I have a 3 member kafka-cluster setup, the __consumer_offsets topic has 50 partitions.
The following is the result of describe command on:
root@kafka-cluster-0:~# kafka-topics.sh --zookeeper localhost:2181 --describe
Topic:__consumer_offsets PartitionCount:50 ReplicationFactor:1 Configs:segment.bytes=104857600,cleanup.policy=compact,compression.type=producer
Topic: __consumer_offsets Partition: 0 Leader: 1 Replicas: 1 Isr: 1
Topic: __consumer_offsets Partition: 1 Leader: -1 Replicas: 2 Isr: 2
Topic: __consumer_offsets Partition: 2 Leader: 0 Replicas: 0 Isr: 0
Topic: __consumer_offsets Partition: 3 Leader: 1 Replicas: 1 Isr: 1
Topic: __consumer_offsets Partition: 4 Leader: -1 Replicas: 2 Isr: 2
Topic: __consumer_offsets Partition: 5 Leader: 0 Replicas: 0 Isr: 0
...
...
Member's are node 0, 1 and 2.
As it's obvious, The partitions in replica=2, have no leader set for them, and their leader=-1
I'm wondering what caused this issue, I restarted the 2nd member kafka service, but I never thought it would have this side effect.

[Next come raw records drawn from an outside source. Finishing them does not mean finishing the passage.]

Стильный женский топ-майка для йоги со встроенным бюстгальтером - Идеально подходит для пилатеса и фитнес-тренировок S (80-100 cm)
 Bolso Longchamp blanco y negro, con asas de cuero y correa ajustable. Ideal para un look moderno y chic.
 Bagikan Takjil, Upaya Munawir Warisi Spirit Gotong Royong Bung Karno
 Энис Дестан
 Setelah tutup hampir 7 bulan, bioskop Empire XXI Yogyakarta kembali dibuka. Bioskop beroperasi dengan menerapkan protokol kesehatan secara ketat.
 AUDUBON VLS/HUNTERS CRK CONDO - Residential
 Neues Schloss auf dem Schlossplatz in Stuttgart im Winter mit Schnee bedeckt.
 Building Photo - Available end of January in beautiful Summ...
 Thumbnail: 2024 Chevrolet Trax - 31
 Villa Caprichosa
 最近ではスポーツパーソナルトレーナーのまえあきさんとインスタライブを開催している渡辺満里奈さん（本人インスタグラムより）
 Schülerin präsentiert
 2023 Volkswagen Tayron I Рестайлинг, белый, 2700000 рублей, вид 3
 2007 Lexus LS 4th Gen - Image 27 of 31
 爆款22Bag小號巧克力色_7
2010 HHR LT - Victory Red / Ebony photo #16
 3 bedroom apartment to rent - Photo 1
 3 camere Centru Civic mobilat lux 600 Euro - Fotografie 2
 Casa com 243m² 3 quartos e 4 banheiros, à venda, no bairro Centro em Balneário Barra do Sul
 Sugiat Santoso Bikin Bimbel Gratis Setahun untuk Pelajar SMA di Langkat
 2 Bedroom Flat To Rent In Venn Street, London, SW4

Also right now, all nodes have been up for hours, this is the result of ls broker/ids:
/home/kafka/bin/zookeeper-shell.sh localhost:2181 <<< "ls /brokers/ids"
Connecting to localhost:2181
Welcome to ZooKeeper!
JLine support is disabled
WATCHER::
WatchedEvent state:SyncConnected type:None path:null
[0, 1, 2]
Also, there are many topics in the cluster, and node 2 is not leader for any of them, and wherever it only has the data (replication-factor=1, and partition hosted on this node), leader=-1, as obvious from below.
Here, node 2 is in the ISR, but never a leader, since replication-factor=2.
Topic:upstream-t2 PartitionCount:20 ReplicationFactor:2 Configs:retention.ms=172800000,retention.bytes=536870912
Topic: upstream-t2 Partition: 0 Leader: 1 Replicas: 1,2 Isr: 1,2
Topic: upstream-t2 Partition: 1 Leader: 0 Replicas: 2,0 Isr: 0
Topic: upstream-t2 Partition: 2 Leader: 0 Replicas: 0,1 Isr: 0
Topic: upstream-t2 Partition: 3 Leader: 0 Replicas: 1,0 Isr: 0
Topic: upstream-t2 Partition: 4 Leader: 1 Replicas: 2,1 Isr: 1,2
Topic: upstream-t2 Partition: 5 Leader: 0 Replicas: 0,2 Isr: 0
Topic: upstream-t2 Partition: 6 Leader: 1 Replicas: 1,2 Isr: 1,2
Here, node 2 is the only partition some chunks of data are hosted on, but leader=-1.
Topic:upstream-t20 PartitionCount:10 ReplicationFactor:1 Configs:retention.ms=172800000,retention.bytes=536870912
Topic: upstream-t20 Partition: 0 Leader: 1 Replicas: 1 Isr: 1
Topic: upstream-t20 Partition: 1 Leader: -1 Replicas: 2 Isr: 2
Topic: upstream-t20 Partition: 2 Leader: 0 Replicas: 0 Isr: 0
Topic: upstream-t20 Partition: 3 Leader: 1 Replicas: 1 Isr: 1
Topic: upstream-t20 Partition: 4 Leader: -1 Replicas: 2 Isr: 2
Any help with how to fix the leader not being elected is greatly appreciated.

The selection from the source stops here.